ASSIGNMENT -
The entries below contain pictures. Write out only the lines from the line with "la afip subasta" up to and including the line with "ORBEA ORCA M21eTEAM", exactly, without them.

RECORDS FOR THIS TASK -
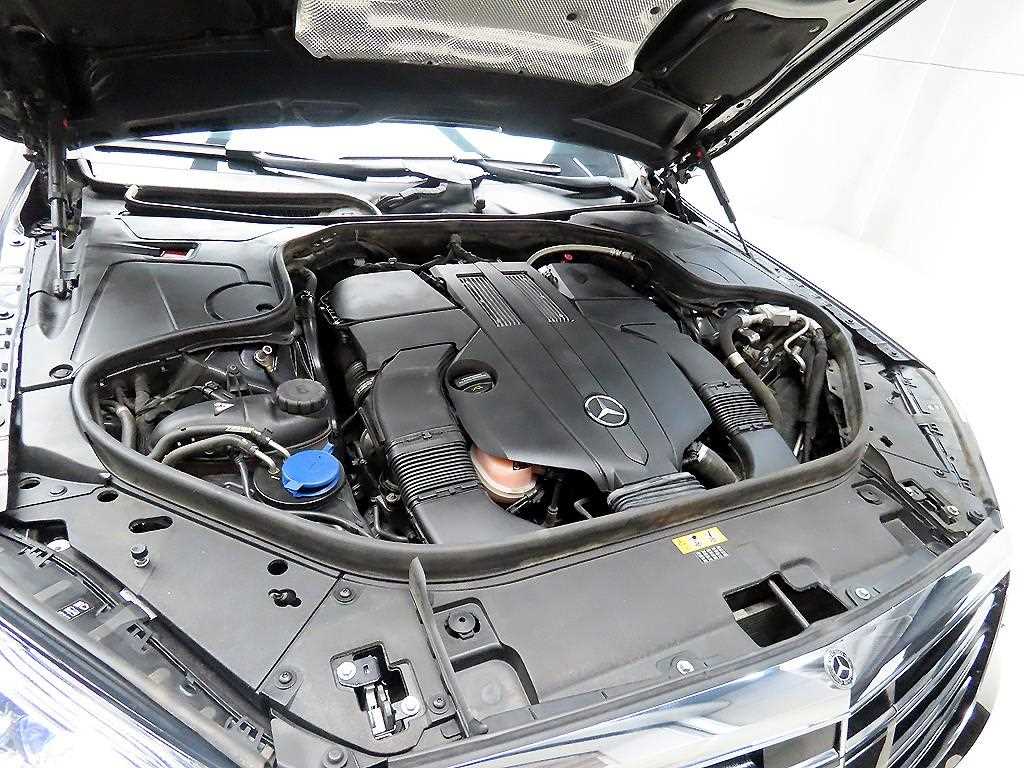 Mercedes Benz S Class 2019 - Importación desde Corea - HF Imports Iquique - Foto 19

==

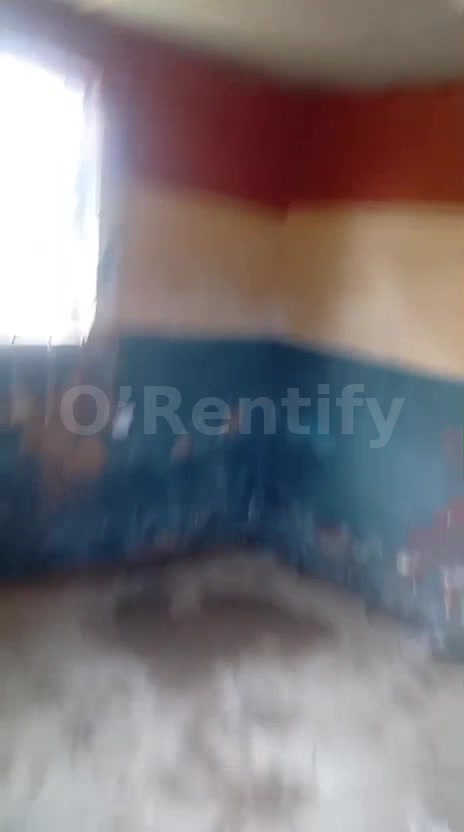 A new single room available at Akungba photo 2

---

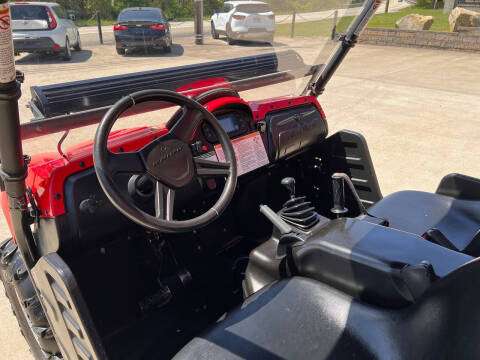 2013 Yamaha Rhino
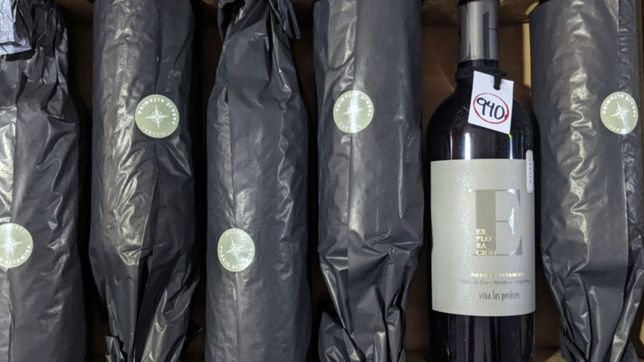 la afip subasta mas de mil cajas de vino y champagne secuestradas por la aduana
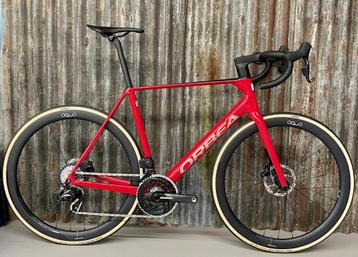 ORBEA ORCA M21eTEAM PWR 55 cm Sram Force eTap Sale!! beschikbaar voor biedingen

ANSWER BOX -
 la afip subasta mas de mil cajas de vino y champagne secuestradas por la aduana
 ORBEA ORCA M21eTEAM PWR 55 cm Sram Force eTap Sale!! beschikbaar voor biedingen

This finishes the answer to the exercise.